I've had a look through the must gather and can see that the termination handler did indeed fail to mark the machine. However, we have no logs (as the machine had gone), so nothing much to go on to debug this. Will have to see if we can come up with some way to reproduce this and gather logs at the same time.
I managed to spend some time to look into this one and reproduce. When a preemptible instance gets to 24 hours, GCP shuts it down, it doesn't terminate it. This means that you can, if you wanted to, restart the VM. Importantly, the preemptible event does not get sent to our termination handler, which means it doesn't mark the node for termination. I think the only way we are reliably going to be able to handle this is to have a system uptime check, and, if the machine has been up for 23:59, mark it as terminating, to get it to be replaced.

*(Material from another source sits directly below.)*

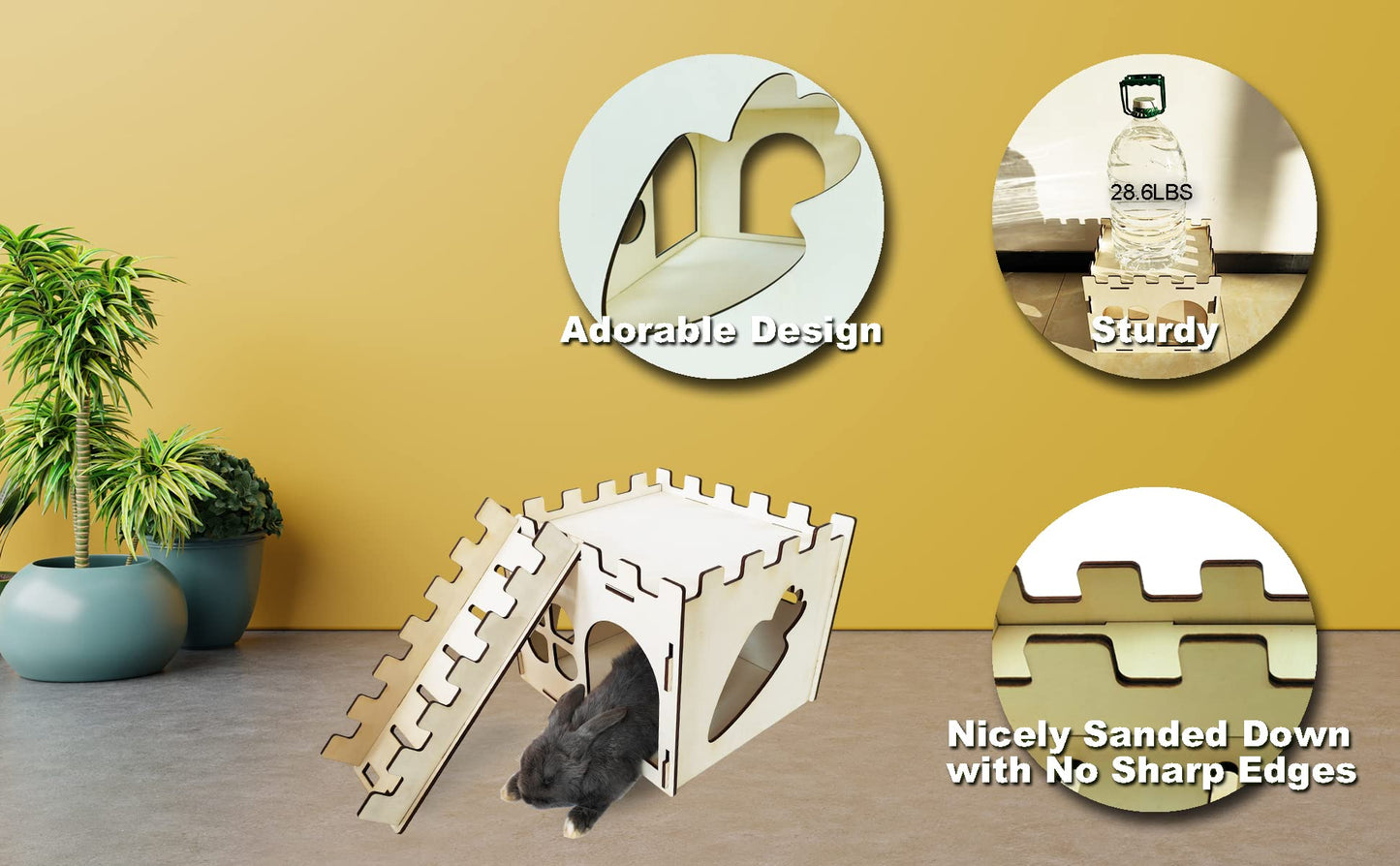 HIIMALEX Extra Large Sturdy Bunny Castle Hideout for Indoor Rabbits Play House with Stairs Round Edges Detachable Habitats for Rabbit Guinea Pig Chinchilla Hedgehog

One suggestion that has come up before is a machine-recycler that deletes machines after X time. We could build some opt-in logic for MHC to automatically delete nodes after a certain time period. This would also be useful in the general case for non-spot instances.
Yeah that seems like a reasonable approach, means we don't have to run the thing on the node which is a nice benefit. We would only want to deploy this on GCP though, so would need to build that into MAO so it deploys the MHC only on GCP. Do you have any links for prior discussion around machine recyclers?

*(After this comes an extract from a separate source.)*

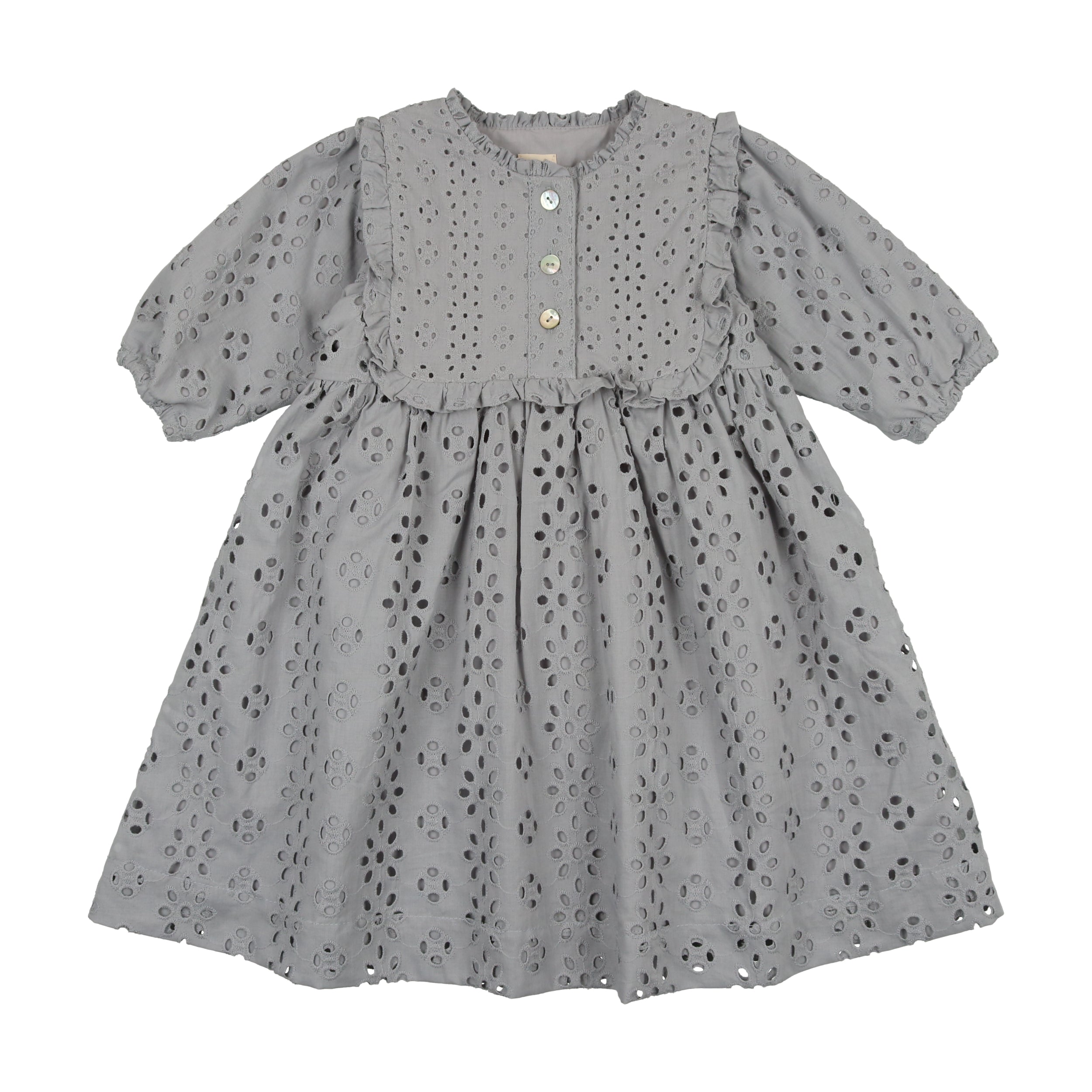 EYELET DRESS THREE QUARTER SLEEVE – Lil Legs Baby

Too long ago, I don't have any links to past discussions. This can be opt-in behavior which is strongly suggested for GCP users via documentation. We should have some amount of documentation for the specifics of these types of instances across the clouds we support. Some users might not care about this functionality at all since an instance getting interrupted is not a big deal to them, though if you want a replacement machine, this would be the best way IMO.
We need to come up with a proper solution for this, this isn't a bug, but rather a feature gap. We will track this now in https://issues.redhat.com/browse/OCPCLOUD-1177 and it will be prioritised with our other work.